The input data and projection MUST be based on the Crabs dataset
Each operator repository must include a memory_tests.json file at the root directory. This file defines the test parameters for memory estimation. The tool will fail if this file is missing.
dart pub getAdd a memory_tests.json file at the root of your operator repository:
{
"data_params": {
"n_obs": 500,
"n_sp": 4,
"n_variable": 4
},
"ram_limits": {
"min_ram_mb": 500,
"max_ram_mb": 40000,
"threshold_mb": 500
},
"operator_settings": {
"setting_name": "value"
}
}All fields are optional. If not specified, defaults or CLI arguments will be used.
dart run bin/memory_estimator.dart \
--repo-url <GITHUB_REPO_URL> \
--team-name <TEAM_NAME> \
--username <USERNAME> \
--password <PASSWORD>This will run memory estimation using the parameters defined in memory_tests.json from the operator repository.
Required:
-r, --repo-url: GitHub repository URL of the operator to test (e.g.,https://github.com/tercen/mean_operator)--team-name: Team name for project and workflow ownership--username: Tercen username for authentication--password: Tercen password for authentication
Optional:
-u, --tercen-url: Tercen service URL (default: http://127.0.0.1:5400)--repo-version: Git tag/version to test (optional)--repo-branch: Git branch to test (default: main)-o, --output: Output file path to save results as CSV (especially useful for grid search)
Important: All test configuration (data parameters, RAM limits, operator settings) must be defined in memory_tests.json in the operator repository. CLI overrides are not supported.
Range Format: Use min:n_steps:max to define intervals:
min: Starting value (inclusive)n_steps: Total number of evenly-spaced values to test (must be ≥ 1)max: Ending value (inclusive)
When multiple range parameters are specified, the tool performs a grid search over all combinations. For example, --n-obs=100:3:500 --setting.k=5:2:10 tests 3×2=6 combinations:
- n_obs=100, k=5
- n_obs=100, k=10
- n_obs=300, k=5
- n_obs=300, k=10
- n_obs=500, k=5
- n_obs=500, k=10
The memory_tests.json file must be placed at the root of your operator repository. This file defines the default test configuration.
{
"data_params": {
"n_obs": <number or "min:steps:max" string>,
"n_sp": <number or "min:steps:max" string>,
"n_variable": <number or "min:steps:max" string>
},
"ram_limits": {
"min_ram_mb": <number>,
"max_ram_mb": <number>,
"threshold_mb": <number>
},
"operator_settings": {
"<setting_name>": <value or "min:steps:max" string>,
...
}
}Simple single test:
{
"data_params": {
"n_obs": 1000,
"n_sp": 4,
"n_variable": 5
},
"ram_limits": {
"min_ram_mb": 500,
"max_ram_mb": 8000,
"threshold_mb": 250
}
}Grid search with ranges:
{
"data_params": {
"n_obs": "100:5:1000",
"n_sp": 4,
"n_variable": 4
},
"operator_settings": {
"k_neighbors": "5:3:15",
"metric": "euclidean"
}
}This will test 5 observation counts (100, 325, 550, 775, 1000) × 3 k values (5, 10, 15) = 15 combinations.
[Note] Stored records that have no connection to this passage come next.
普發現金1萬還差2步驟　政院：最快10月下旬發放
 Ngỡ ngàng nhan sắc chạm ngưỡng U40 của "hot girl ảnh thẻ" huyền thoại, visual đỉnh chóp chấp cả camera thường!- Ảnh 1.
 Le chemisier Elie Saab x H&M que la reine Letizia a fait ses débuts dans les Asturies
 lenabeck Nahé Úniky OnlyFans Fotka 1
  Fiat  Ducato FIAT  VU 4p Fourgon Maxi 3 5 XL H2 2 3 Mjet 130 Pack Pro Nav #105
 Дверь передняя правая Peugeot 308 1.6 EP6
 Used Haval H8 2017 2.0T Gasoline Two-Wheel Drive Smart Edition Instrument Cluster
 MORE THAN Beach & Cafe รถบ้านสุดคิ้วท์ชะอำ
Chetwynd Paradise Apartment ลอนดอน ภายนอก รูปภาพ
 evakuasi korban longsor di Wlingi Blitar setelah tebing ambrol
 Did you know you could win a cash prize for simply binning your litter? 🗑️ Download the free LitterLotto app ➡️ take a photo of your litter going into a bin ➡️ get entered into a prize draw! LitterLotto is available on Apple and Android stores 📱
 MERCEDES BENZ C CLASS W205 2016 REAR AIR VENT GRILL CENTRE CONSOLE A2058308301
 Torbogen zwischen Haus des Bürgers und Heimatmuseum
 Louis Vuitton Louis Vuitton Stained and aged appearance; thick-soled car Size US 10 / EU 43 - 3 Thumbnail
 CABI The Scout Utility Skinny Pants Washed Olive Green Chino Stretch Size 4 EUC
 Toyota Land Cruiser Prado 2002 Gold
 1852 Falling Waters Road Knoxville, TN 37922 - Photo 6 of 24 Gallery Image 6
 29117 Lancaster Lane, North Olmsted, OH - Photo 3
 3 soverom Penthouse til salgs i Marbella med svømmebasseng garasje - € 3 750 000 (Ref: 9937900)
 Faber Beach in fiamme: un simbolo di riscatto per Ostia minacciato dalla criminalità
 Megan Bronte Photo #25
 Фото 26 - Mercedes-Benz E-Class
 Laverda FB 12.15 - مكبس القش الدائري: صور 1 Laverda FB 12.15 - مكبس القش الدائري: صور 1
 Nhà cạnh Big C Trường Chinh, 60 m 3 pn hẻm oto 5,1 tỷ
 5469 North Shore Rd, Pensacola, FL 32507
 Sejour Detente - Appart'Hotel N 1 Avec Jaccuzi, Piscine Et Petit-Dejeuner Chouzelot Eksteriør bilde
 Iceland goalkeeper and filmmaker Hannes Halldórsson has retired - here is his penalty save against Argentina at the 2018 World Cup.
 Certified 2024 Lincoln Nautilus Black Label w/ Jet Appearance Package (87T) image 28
Enumeration settings (testing multiple values):
{
"data_params": {
"n_obs": 500,
"n_sp": 4,
"n_variable": 4
},
"operator_settings": {
"plot_type": "*",
"theme": "light,dark,minimal"
}
}For enumeration properties defined in operator.json:
- Use
"*"to test all possible values (e.g., all plot types: png, pdf, svg, svg2) - Use comma-separated values to test a subset (e.g., "light,dark,minimal")
- Use a single value for a fixed setting (e.g., "png")
- Values are automatically validated against the operator's enum definitions
Notes:
- All fields are optional
- Values can be overridden via CLI arguments
- Range syntax for numeric values:
"min:n_steps:max"where n_steps is the total number of values to test - Operator settings can mix fixed values, numeric ranges, and enumeration values
- Enumeration values are read from the operator's
operator.jsonfile
dart run bin/memory_estimator.dart \
--repo-url https://github.com/tercen/mean_operator \
--team-name my_team \
--username myuser \
--password mypassThis uses all parameters from the operator's memory_tests.json file.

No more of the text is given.